Ada and Tania either like the view or are glad to have a moment's rest.
Ada and her husband Emilio run the health promoters program that builds communities' capacities to defend their own health. Tania started working with health promotion and capacity-building a couple of months ago. She lives in Quillacollo, and I was a guest at her evangelical church a few weekends ago. They unknowingly and un-ironically sang me a welcome song to the exact tune of the Jewish song "Aleinu Shalom Aleichem". I felt like I was in the middle of a Cohen brothers' movie.
When we got to the hot springs well over an hour later, my 3 Bolivian friends waited outside for me to enjoy a half hour of extremely hot (as advertised!) water from a thermal spring before we hiked another hour back and then hitched a couple more rides back to Chilimarca.
Thus, I have not had the pleasure of seeing Morochata, but I have bathed in the buff in a scalding--yet refreshing--Bolivian spring.
This is my beet-red face after taking a steaming hot 30 minute private hot springs bath. I had previously told my companions that I didn't bring a swim suit. They explained that once I was in the private room, I needed to dress "like Adam and Eve". Unfortunately, no fig leaves were present. Fortunately, no people (and hopefully no cameras) were either. Incidentally, the water was ridiculously hot and I drank my entire water bottle after leaving the bath.
Such is life.
Being here has given me a lot of time to reflect, both on medicine and on life in general.
In a lot of ways, we are very lucky in the United States.
In our clinics and hospitals, we have quick and reliable diagnostics, an array of medications and other treatments to choose from, state of the art buildings and facilities.

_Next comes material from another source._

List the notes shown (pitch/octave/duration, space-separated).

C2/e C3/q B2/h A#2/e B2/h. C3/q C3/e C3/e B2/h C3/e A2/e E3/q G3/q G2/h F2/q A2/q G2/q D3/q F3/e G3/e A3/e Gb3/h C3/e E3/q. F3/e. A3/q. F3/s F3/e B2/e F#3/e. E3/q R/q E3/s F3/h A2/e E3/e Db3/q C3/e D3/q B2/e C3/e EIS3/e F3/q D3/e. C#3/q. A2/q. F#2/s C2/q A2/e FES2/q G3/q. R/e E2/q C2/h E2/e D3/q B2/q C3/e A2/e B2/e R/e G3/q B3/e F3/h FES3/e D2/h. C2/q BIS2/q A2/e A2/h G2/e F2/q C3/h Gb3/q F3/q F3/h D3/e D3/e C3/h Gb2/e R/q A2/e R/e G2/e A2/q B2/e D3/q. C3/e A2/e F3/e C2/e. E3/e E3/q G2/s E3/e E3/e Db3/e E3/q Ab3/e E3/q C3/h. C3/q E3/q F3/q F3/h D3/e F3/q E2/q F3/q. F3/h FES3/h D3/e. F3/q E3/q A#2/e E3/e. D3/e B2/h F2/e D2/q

Yet all of this can sometimes serve as a distraction--get the second test to confirm or negate the first one, change from medication X to medication Y, refer to specialist Z, build a new hospital or two or three--from the main reason most of us went into medicine, which is to make a human connection with our patients and to promote their health.
Here in Bolivia, resources are scarce, patients economically self-ration their care even more than in the U.S., there is no medication Y or specialist Z, and yet it is that human interaction of the clinic nurse or doctor talking with patients and their families, working through problems or just being of comfort, that really takes center stage.

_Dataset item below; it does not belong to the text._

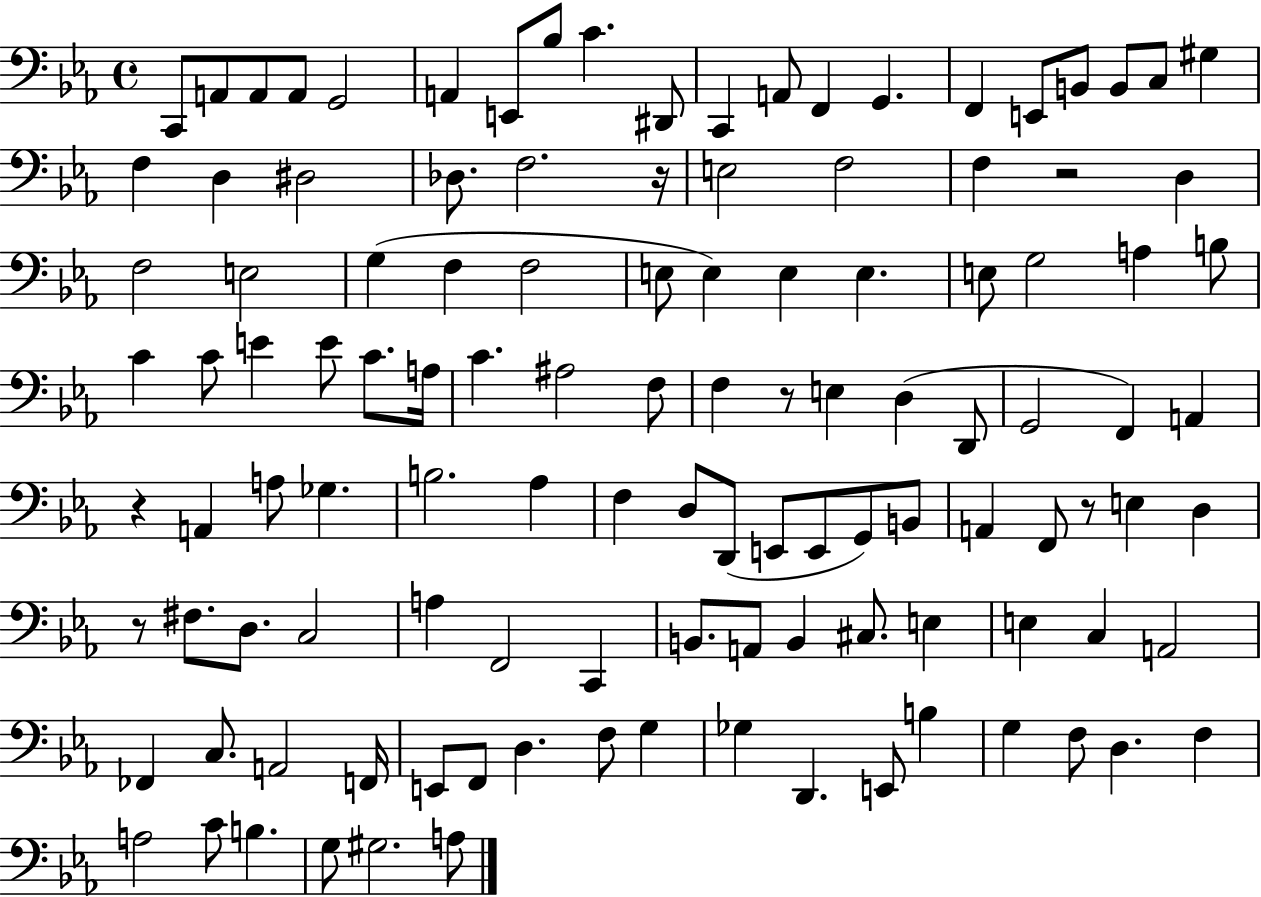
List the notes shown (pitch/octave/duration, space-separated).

C2/e A2/e A2/e A2/e G2/h A2/q E2/e Bb3/e C4/q. D#2/e C2/q A2/e F2/q G2/q. F2/q E2/e B2/e B2/e C3/e G#3/q F3/q D3/q D#3/h Db3/e. F3/h. R/s E3/h F3/h F3/q R/h D3/q F3/h E3/h G3/q F3/q F3/h E3/e E3/q E3/q E3/q. E3/e G3/h A3/q B3/e C4/q C4/e E4/q E4/e C4/e. A3/s C4/q. A#3/h F3/e F3/q R/e E3/q D3/q D2/e G2/h F2/q A2/q R/q A2/q A3/e Gb3/q. B3/h. Ab3/q F3/q D3/e D2/e E2/e E2/e G2/e B2/e A2/q F2/e R/e E3/q D3/q R/e F#3/e. D3/e. C3/h A3/q F2/h C2/q B2/e. A2/e B2/q C#3/e. E3/q E3/q C3/q A2/h FES2/q C3/e. A2/h F2/s E2/e F2/e D3/q. F3/e G3/q Gb3/q D2/q. E2/e B3/q G3/q F3/e D3/q. F3/q A3/h C4/e B3/q. G3/e G#3/h. A3/e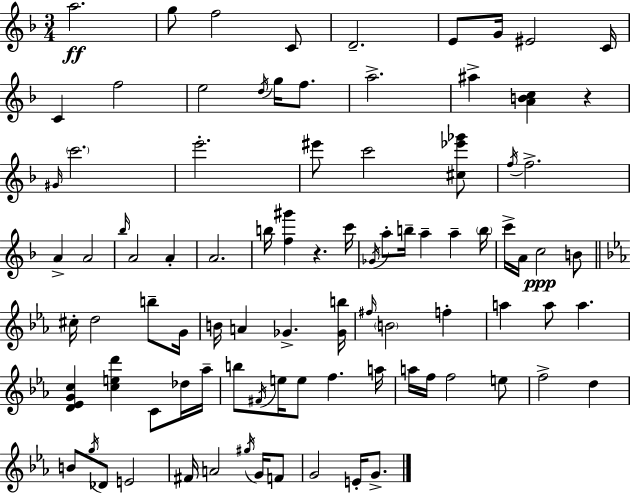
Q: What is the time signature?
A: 3/4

Likewise, our American culture pushes us to keep climbing the academic or socioeconomic ladder, often driving us away from family and friends (I don't live within 1500 miles of anyone in my family), in the pursuit of things that are really external to our health, wellbeing, and happiness.

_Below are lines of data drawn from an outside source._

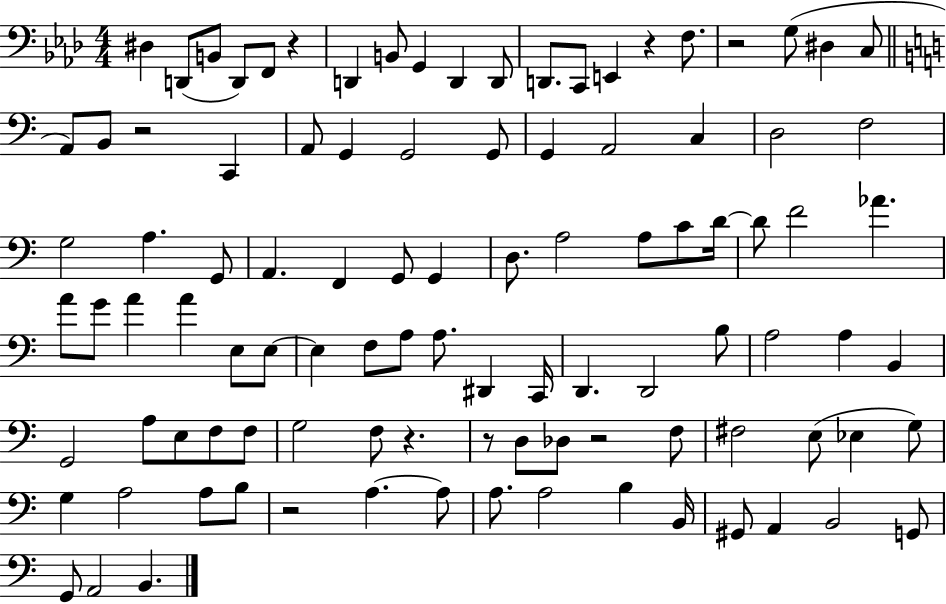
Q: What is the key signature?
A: AES major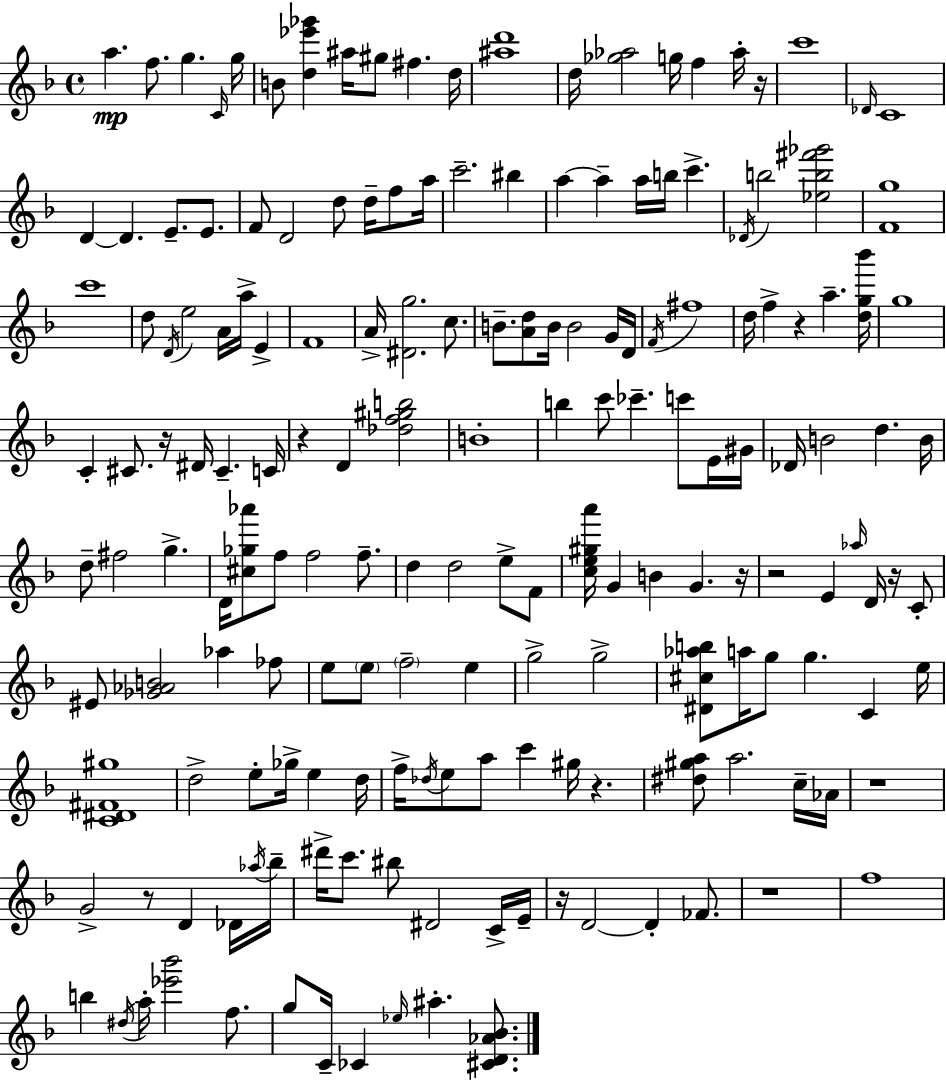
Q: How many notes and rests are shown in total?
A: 173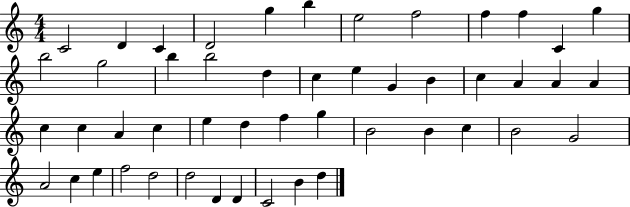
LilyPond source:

{
  \clef treble
  \numericTimeSignature
  \time 4/4
  \key c \major
  c'2 d'4 c'4 | d'2 g''4 b''4 | e''2 f''2 | f''4 f''4 c'4 g''4 | \break b''2 g''2 | b''4 b''2 d''4 | c''4 e''4 g'4 b'4 | c''4 a'4 a'4 a'4 | \break c''4 c''4 a'4 c''4 | e''4 d''4 f''4 g''4 | b'2 b'4 c''4 | b'2 g'2 | \break a'2 c''4 e''4 | f''2 d''2 | d''2 d'4 d'4 | c'2 b'4 d''4 | \break \bar "|."
}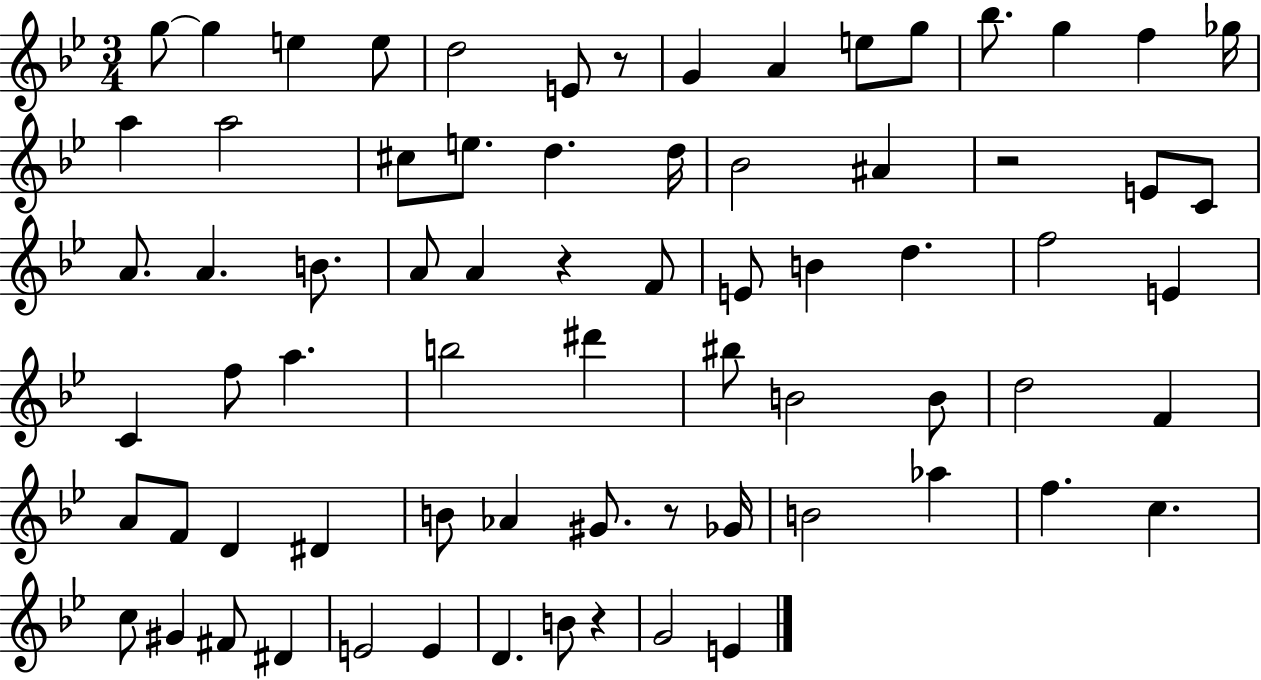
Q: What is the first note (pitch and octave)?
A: G5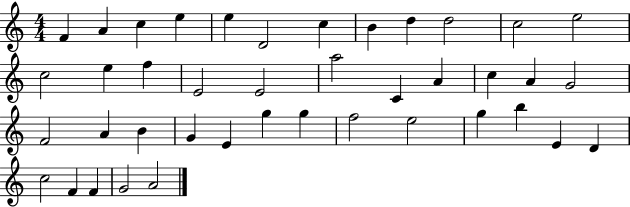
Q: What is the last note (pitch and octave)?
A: A4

It isn't news to anyone who has travelled outside of the U.S. or western Europe, but absolute income does not correlate with happiness.
Definitely, income disparities are a marker of societies with other ingrained inequities that strain social relations and worsen everyone's health and wellbeing.
But being accustomed to having less, using less, treading less wantonly on the environment does not in any way mean less health or less happiness.
One lens for looking at Bolivia (or much of the world) would show that it is a place with LESS than the United States.
But another lens, and one I have had the good fortune to look through, reveals that Bolivia has a lot MORE of some very important resources--nuclear and extended family ties, community and social bonds, respect for indigenous cultural traditions, transmission of knowledge and skills across the generations, and lithium.
Don't get me wrong--I am very glad to have access to clean water, reliable transportation, and state of the art medicine. But we in the "overdeveloped" world have a lot to learn about the parts of ourselves that we have let atrophy in the name of progress.